28.9.15

Trier 8

Natuurlijk koop ik een boekje over het Trierse dialect, niet alleen omdat ik in talen geïnteresseerd ben, maar ook omdat ik wil weten in hoeverre jiddisj  van invloed geweest is op lokale, dan wel regionale talen. Het Münsters kent veel jiddisje woorden, het dialect van Trier kent ze  nauwelijks. Er wordt wel schmeer stehen gemeld en dat komt oorspronkelijk wel van het Hebreeuwse schmira, maar in het Hoogduits bestaat dezelfde uitdrukking: schmiere stehen, op de uitkijk staan, bijvoorbeeld bij een inbraak. Merkwaardig is het dat het Triers het woord toddler kent, het Amerikaanse woord voor een  klein kind, maar iemand met wie ik over het dialect sprak vertelde me dat een Bürgersteig in Trier Trottoir heet, klaarblijkelijk zijn dergelijke barbarismen niet ongewoon. Het wordt tijd een paar zinnen uit het aangeschafte boekje "Milljunen Leit - mindesten drei"* te citeren: "De gud Saachen bestanden beim Mann aus dem Sonndachsen Aonzoch, dem weissen Himmb und schwaorze Shuoch. Für die kalte Jahreszeit kam der Manndel, Iewerzeijer oder Kores dazu.
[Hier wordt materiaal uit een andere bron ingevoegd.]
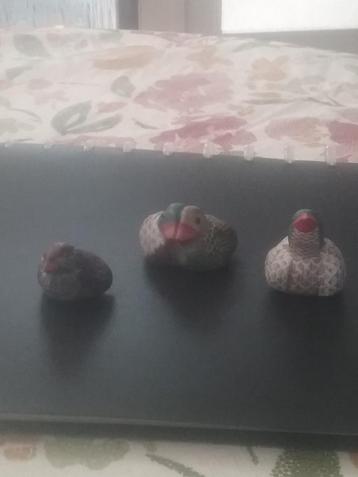 3 kleine houten eendjes  beschikbaar voor biedingen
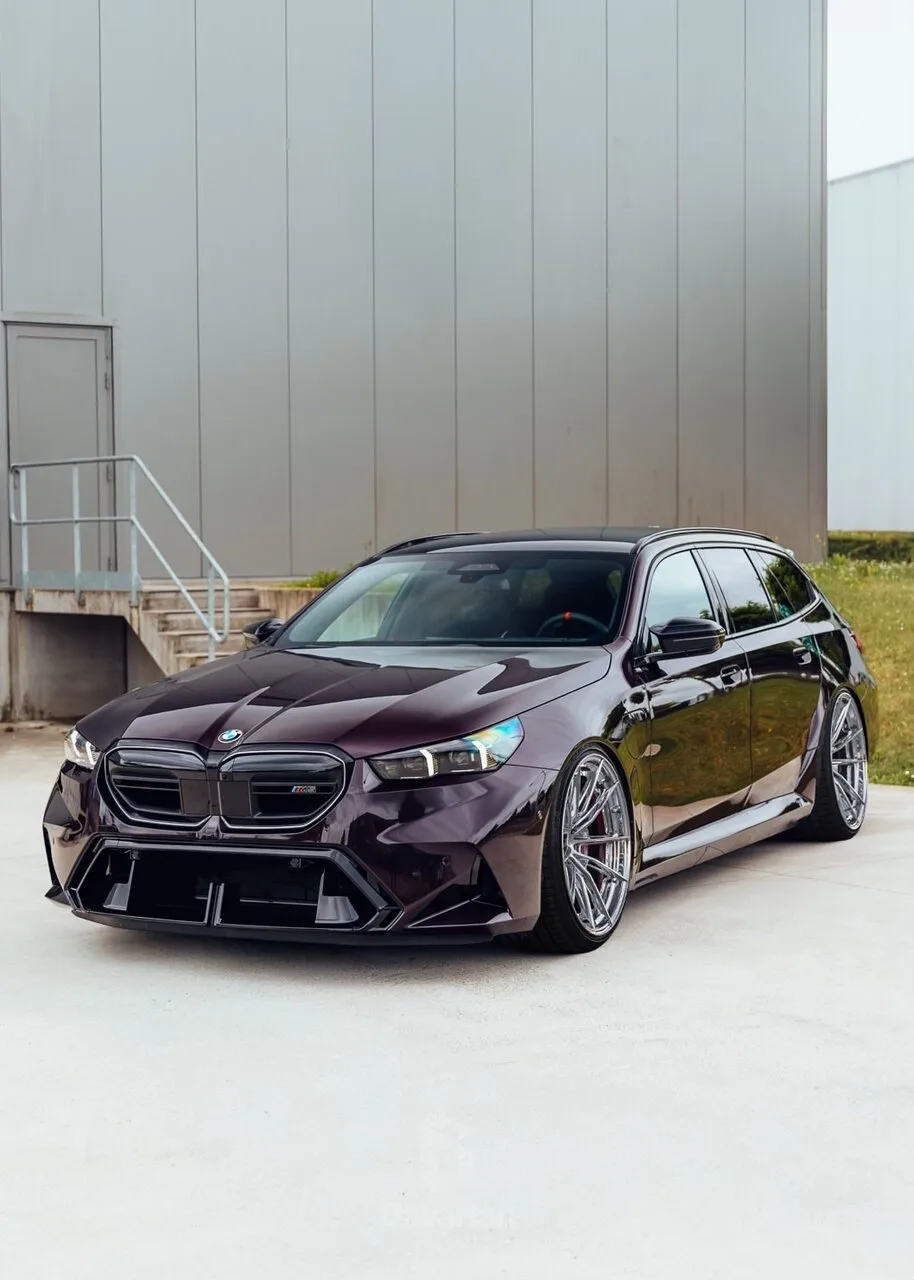 BMW M5 G99 - За её фасадом скрывается целый мир. Мир, где роскошь не выставляется напоказ, а тихо ше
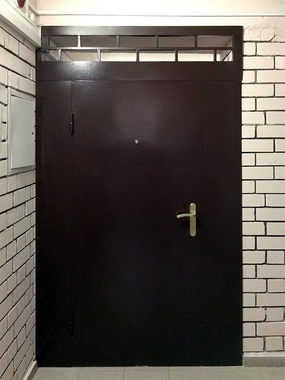 Дверь-перегородка с решетчатой фрамугой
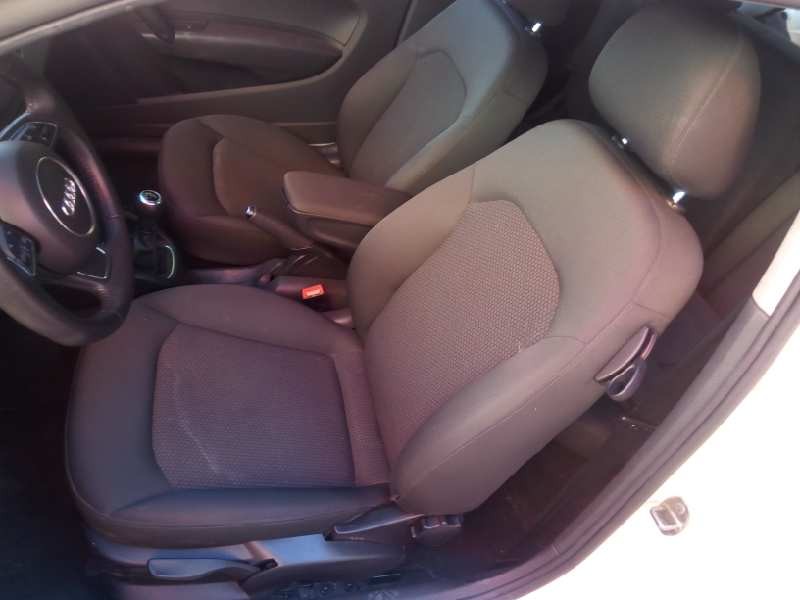 audi a1 (8x) del año 2012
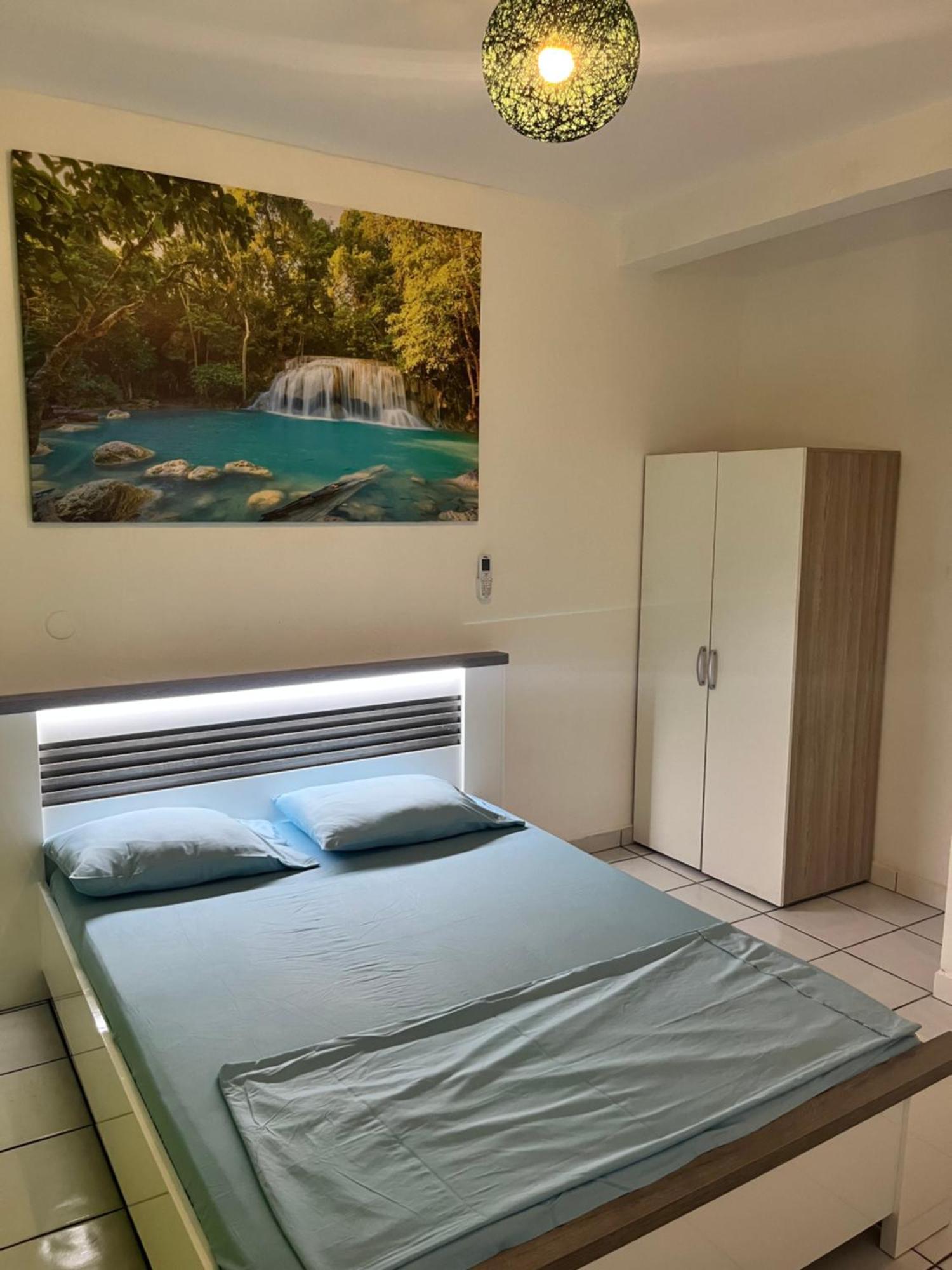 Chez Marc Apartment เลส์อาบิมส์ ภายนอก รูปภาพ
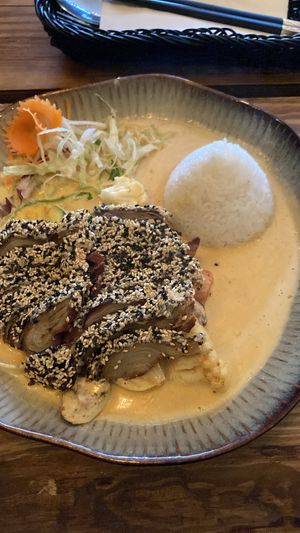 Vegane Entenbrust mit Erdnusssauce   at Bao Nhung 1993 in Berlin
Bei den Frauen waren es das Sonndachs Klaadschi oder Kossdümmschi, Schuoch mött Aobsätz, Manndel (wenn es hoch kam mött em Füksi und gebenfalls Schmuck  in Form z.B. von Bämmeln oder Krällkädd.") Het enige woord waarover ik struikel is Kores, de rest levert nagenoeg geen problemen op.